── DATA LISTING ──

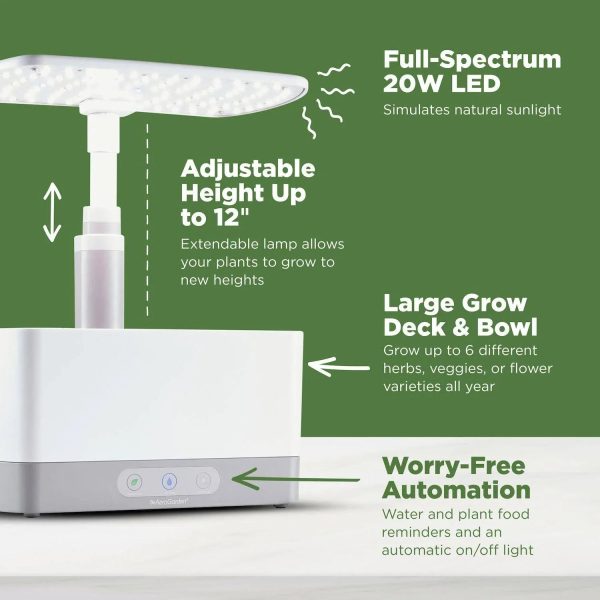 AeroGarden - Harvest - White - MadeInUSA - Image 3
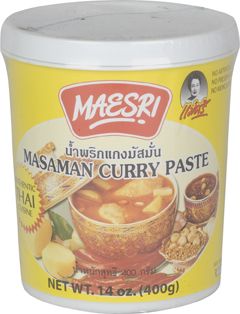 [CURRYPASTE-MASMA-UC12] Massaman Curry Paste 1kg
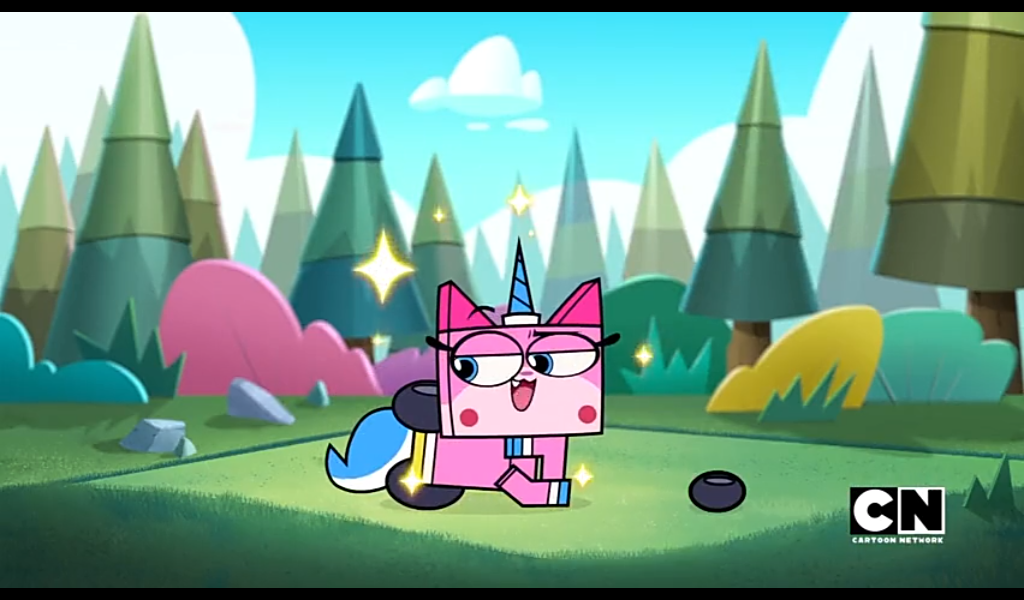Unikitty With Wheels by AaronUnikitty on DeviantArt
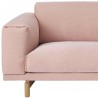 2-seater - steelcut trio fabric - Rest sofa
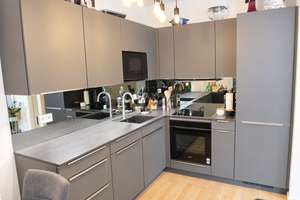 Modern, fully furnished 70 sqm apartment with a large terrace  – 60486 Bockenheim, Frankfurt am Main – Vorschaubild 13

───

▶ [PROBLEM]
Could the entries be output exactly as written, but without their images?

▶ [ANSWER TO THIS PROBLEM]
 AeroGarden - Harvest - White - MadeInUSA - Image 3
 [CURRYPASTE-MASMA-UC12] Massaman Curry Paste 1kg
Unikitty With Wheels by AaronUnikitty on DeviantArt
 2-seater - steelcut trio fabric - Rest sofa
 Modern, fully furnished 70 sqm apartment with a large terrace  – 60486 Bockenheim, Frankfurt am Main – Vorschaubild 13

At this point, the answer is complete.